# slingshot shooting style



## fergusonshooter (May 11, 2015)

I am new to real slingshoy shooting and not the ones at walmart and i am trying to find a way i like to shoot and my favorite us the slingshot sideways but the pouch turned upright like you are shooting with the slingshot up and down and i was wandering if i can keep on doing this or its bad and inaccurate thx for the help and i am glade to here what you hafe to say


----------



## slingshooterPT (Feb 22, 2014)

No problem many people turn the pouch when shooting sideways!


----------



## pgandy (Aug 15, 2011)

Do whatever works best for you. There must be about as many styles as shooters. I shot that way for awhile with an occasional fork hit. After rotating the pouch to line up with the fork I eliminated fork hits. I can't remember the last one.


----------



## Imperial (Feb 9, 2011)

username with "ferguson" in it? i have suspicions now :angrymod:


----------



## fergusonshooter (May 11, 2015)

Thx for the help i try the pouch straight and that made me have forn hitahits so thag why i tryed jt sidways thx for the help


----------



## fergusonshooter (May 11, 2015)

How do you add pics


----------



## fergusonshooter (May 11, 2015)

And when hunting do you guys aim or instincual i dont know if i spelled that right i am just try to geg better sorry for all the questions


----------



## pgandy (Aug 15, 2011)

I shoot a ss by instinct. I will aim anything else and if I try to shoot anything else by instinct I mess up. If I try to aim my ss shoot my hit probability goes way down.


----------



## WindLvr (Jul 16, 2014)

I aim down the center of the bands while shooting with the slingshot on it's side, and I do not turn the pouch. I also utilize a fixed anchor point which has helped me improve my accuracy a great deal. I would say whatever style you are shooting just stick to it, and keep practicing! If you try and change too many things at once you won't know what helped, and what didn't. Most of all, and this is real important, have fun!!!


----------



## fergusonshooter (May 11, 2015)

Thx i just got a bird my first bird with my new slingshot bybut i dont know how to post a pic on here


----------



## fergusonshooter (May 11, 2015)

Whats the best all rround hunting ammo size would you say like dor rabbits birds and squrrels i would thing 7/16 or 3/8 i have some 7/16 but i am going to get more


----------



## eagleyes (Jan 30, 2014)

I like too hold the pouch that way as well, maybe because I started shooting longbows b4 slingshots..... Nothing wrong with that at all !


----------



## flipgun (Nov 14, 2012)

Imperial said:


> username with "ferguson" in it? i have suspicions now :angrymod:


A rose by any other name.... Check the second post.


----------



## Cjw (Nov 1, 2012)

There are quite a few shooters that are top shooters that don't shoot gangster style. Jim Harris who won the ECST twice, Nathan from simpleshot . But you haven't been on the forum very long so you don't know. Has nothing to do with hating new shooters and wanting them to fail. Everyone of the experienced shooters does their best to help the new shooters. So get off that kick. Some people have tried but just can't shoot sideways. But are still really good shots.


----------



## Cjw (Nov 1, 2012)

You don't need to cop An attitude .


----------



## Imperial (Feb 9, 2011)

hey, lets get back on topic, seriously, a username with ferguson in it? fergusonshooter? i sense a return of an old ssf outcast.


----------



## PeskyMaus (Mar 10, 2015)

What the jumpin bejeebus does that mean? Ferguson? I am nonplussed.


----------



## PeskyMaus (Mar 10, 2015)

Imperial said:


> hey, lets get back on topic, seriously, a username with ferguson in it? fergusonshooter? i sense a return of an old ssf outcast.

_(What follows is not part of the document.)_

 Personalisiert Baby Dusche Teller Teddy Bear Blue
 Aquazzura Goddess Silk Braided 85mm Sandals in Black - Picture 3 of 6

Explain yourself, man - these cryptic allusions will keep me up all night! What the hell is a Ferguson? Why the strange photograph of the nice-looking black man? And what's with the obese, headless hand-shakers? And what, by all that is sacred, is an SSF outcast? I demand to know!


----------



## Cjw (Nov 1, 2012)

. Is that the best you can can do . Throw five year old child insults and threats. PM me when you get to Calif. untill than ill be shaking in my boots. Come on your making me laugh so hard I may hurt myself. Too funny.


----------



## tyrone8511 (May 2, 2014)

Hi Fergusonshooter

Well Firstly I am not an expert shooter by any stretch of the imagination but I have learned a few things which I think my help you.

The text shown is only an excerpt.